3M finished sale of rights to its Neoplast and Neobun brands, as well as related assets in Thailand and other Southeast Asia countries, to Selic Corp. Public Company in October. These products were mainly part of 3M’s Skin Health & Wellness business: sports and medical tapes, bandages, and medicated products for the consumer and healthcare industries. According to 3M, the sale did not have a material impact on financial results but was a portfolio management move.
The company’s V.A.C. Therapy negative pressure wound therapy (NPWT) reached the clinical evidence milestone of 2,000 published, peer-reviewed studies in October as well, making it the only NPWT solution to achieve this honor. V.A.C. Therapy, according to 3M, accounts for over 75% of published NPWT clinical evidence. Last year, 3M also rolled out the first-ever silicone-acrylic hybrid drape for V.A.C. Therapy—3M Dermatac Drape—which was engineered to be gentle on skin and easy for clinicians to use.
Rounding out October was 3M Oral Care’s introduction of the 3M Filtek matrix, a restorative solution for dental composite placement. The procedure starts with a digital restoration design, then a patient-specific matrix is made to help transfer digital design to the teeth using 3M dental composites. The Filtek matrix uses additive composite techniques where little to no tooth reduction is needed. According to 3M, dentists reported using the matrix boosted confidence, delivered predictable and aesthetic results, and saved chair time.
November saw the release of 3M HIS’ Ambulatory Potentially Preventable Complications (3M AM-PPCs) software for safety and quality oversight of procedures performed in outpatient settings or ambulatory surgery centers.

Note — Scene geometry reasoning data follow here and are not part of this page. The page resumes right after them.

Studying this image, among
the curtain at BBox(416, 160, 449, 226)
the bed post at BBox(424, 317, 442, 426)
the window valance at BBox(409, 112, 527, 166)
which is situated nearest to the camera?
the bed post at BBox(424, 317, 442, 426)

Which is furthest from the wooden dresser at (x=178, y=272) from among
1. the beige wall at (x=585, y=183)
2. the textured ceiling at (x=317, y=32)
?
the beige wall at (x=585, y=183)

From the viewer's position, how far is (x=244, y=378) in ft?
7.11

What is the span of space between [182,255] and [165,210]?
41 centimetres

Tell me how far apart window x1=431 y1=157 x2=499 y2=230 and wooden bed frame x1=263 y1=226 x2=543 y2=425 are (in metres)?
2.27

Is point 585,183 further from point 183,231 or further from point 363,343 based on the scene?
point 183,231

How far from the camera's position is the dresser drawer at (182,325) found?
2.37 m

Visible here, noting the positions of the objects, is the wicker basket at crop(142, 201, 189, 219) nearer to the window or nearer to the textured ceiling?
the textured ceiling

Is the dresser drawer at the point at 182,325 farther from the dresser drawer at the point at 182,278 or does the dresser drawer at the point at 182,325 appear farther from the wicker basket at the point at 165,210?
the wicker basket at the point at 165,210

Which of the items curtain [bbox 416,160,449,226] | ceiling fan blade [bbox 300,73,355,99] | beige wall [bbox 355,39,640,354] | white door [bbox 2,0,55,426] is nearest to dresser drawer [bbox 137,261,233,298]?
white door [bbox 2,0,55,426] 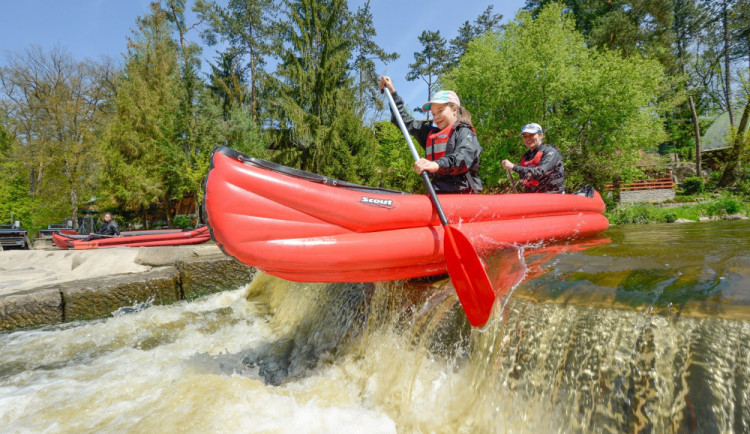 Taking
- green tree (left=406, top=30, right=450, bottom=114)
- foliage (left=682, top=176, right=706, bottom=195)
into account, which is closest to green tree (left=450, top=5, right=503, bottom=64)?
green tree (left=406, top=30, right=450, bottom=114)

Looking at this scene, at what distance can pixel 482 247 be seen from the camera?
116 inches

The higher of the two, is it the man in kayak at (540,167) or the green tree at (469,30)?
the green tree at (469,30)

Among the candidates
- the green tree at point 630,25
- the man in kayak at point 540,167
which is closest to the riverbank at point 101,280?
the man in kayak at point 540,167

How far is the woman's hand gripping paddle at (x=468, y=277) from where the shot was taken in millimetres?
2242

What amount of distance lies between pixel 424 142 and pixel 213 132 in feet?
51.4

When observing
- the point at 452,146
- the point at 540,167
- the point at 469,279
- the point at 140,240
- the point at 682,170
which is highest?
the point at 682,170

The software uses sophisticated grouping logic and lets providers and payers identify and analyze complications in outpatient settings by specific procedures, service lines, providers, and facilities. National benchmarks are also included. The data analysis seeks to offer insights into safety areas with the best opportunities for qualities and excess cost improvements.

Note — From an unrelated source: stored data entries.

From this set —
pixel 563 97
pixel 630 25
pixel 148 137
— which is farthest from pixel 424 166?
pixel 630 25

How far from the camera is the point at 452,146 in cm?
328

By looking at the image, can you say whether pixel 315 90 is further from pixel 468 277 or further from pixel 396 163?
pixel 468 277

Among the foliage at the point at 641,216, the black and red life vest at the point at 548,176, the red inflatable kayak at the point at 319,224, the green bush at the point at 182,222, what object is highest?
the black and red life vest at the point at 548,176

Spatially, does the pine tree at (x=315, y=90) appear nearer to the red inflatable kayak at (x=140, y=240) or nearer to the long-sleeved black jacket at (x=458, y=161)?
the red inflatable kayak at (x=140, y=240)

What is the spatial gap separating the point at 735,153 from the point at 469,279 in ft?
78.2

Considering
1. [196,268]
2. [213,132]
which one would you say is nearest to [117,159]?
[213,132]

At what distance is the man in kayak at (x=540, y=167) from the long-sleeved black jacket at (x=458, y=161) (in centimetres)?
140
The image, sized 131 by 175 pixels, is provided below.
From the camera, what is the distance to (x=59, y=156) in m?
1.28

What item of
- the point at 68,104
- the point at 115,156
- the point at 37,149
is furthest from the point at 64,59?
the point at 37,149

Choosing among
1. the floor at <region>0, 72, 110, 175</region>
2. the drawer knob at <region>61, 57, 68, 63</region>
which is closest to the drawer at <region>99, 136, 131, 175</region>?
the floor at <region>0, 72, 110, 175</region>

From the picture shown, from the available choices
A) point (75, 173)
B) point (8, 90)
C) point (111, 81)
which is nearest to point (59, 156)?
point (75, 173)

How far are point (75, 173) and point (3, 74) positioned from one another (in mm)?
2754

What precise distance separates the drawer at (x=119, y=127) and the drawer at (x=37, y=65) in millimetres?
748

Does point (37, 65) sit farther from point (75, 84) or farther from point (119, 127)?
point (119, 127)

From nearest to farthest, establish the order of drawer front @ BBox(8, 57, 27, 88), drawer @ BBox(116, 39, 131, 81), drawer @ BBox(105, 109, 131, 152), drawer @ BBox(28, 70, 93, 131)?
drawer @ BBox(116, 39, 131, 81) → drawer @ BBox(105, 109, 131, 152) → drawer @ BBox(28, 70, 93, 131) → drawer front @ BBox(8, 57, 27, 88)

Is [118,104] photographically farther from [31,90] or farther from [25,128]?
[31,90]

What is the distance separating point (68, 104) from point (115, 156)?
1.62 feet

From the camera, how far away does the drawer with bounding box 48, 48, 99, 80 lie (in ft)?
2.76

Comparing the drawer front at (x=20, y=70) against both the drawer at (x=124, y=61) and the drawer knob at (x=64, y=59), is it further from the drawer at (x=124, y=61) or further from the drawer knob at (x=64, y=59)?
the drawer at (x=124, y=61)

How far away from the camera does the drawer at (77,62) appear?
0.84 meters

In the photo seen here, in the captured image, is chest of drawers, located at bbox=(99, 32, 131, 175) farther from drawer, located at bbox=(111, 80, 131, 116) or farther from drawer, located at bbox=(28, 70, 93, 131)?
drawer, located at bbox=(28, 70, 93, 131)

Finally, around the winter holidays last year, 3M announced its pledge to cease per- and polyfluoroalkyl substance (PFAS) manufacturing and work to discontinue use of PFAS in its products by 2025’s end. The company will discontinue manufacturing all fluoropolymers, fluorinated fluids, and PFAS-based additive products. This move was made to reflect regulatory trends to reduce or eliminate presence of PFAS in the environment, as well as evolving stakeholder expectations. According to 3M, current annual net sales of manufactured PFAS are about $1.3 billion, with estimated EBITDA margins of about 16%.